To determine whether the number of packets used to sample affects the statistical results obtained.

 

Method

This was conducted on the Dell Dual Xeon 1.7 machines on the GigE interface, with minimal load on the machines.

Using constant intervals of 1 second and a packet size of 1400 (ICMP, ie 1408bytes IP) for every packet sent, we varied the number of packets sent. The min, max, ave and stdev of the sample was then found.

In order to overcome arp recaching, a single ping of the same type was sent before the test for each test.

A rather large sample set was used ranging from 1 single ping to 100 pings.

 

Scripts

A wrapper script around ping was used.

do_number.pl - given a list of numbers, will conduct the ping tests and write a summary table of results.
ping-cook.pl - required script to generate table information for ping

 

Results

The complete set of log files can be found here.
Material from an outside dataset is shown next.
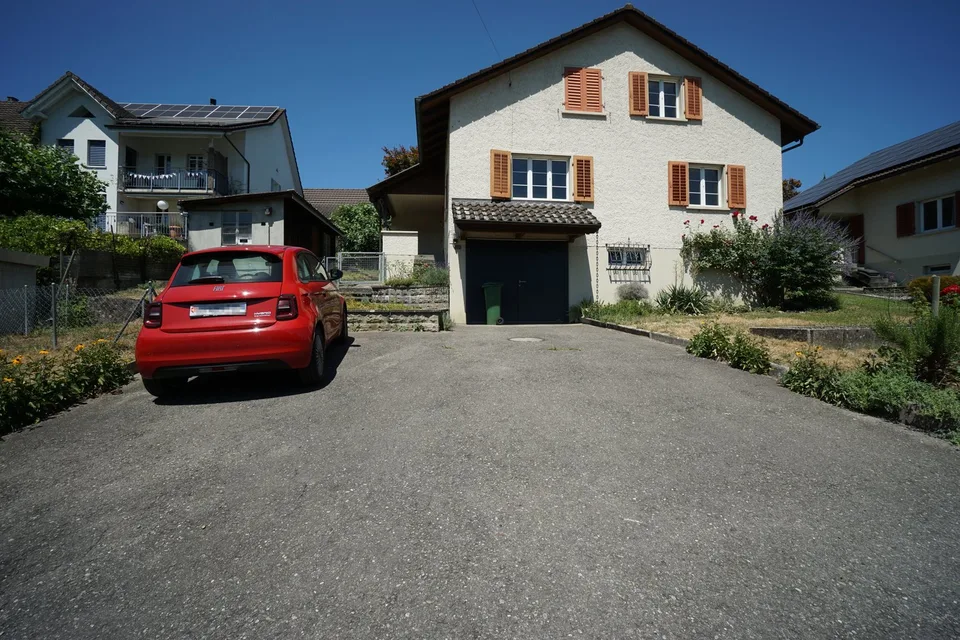 Casa unifamiliare di 6 locali in un quartiere familiare, in una posizione soleggiata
There was no packet loss and no reordering of the packets

Surprisingly, there is a slight variation in the minimum rtt. This is most likely due to cpu load on the source and or sink causing kernel space time differences in processing the echo/reply. It may also be due to interrupt coalesing.

The average rtt is pretty constant (ignore the first point - slight bug in the calculation of ave for single values - it's been sorted), with a an average of 0.201 (3dp) from the average of the averages. From this run, if we were to use less than 3 packets, we get a slightly higher value of about 0.203/5.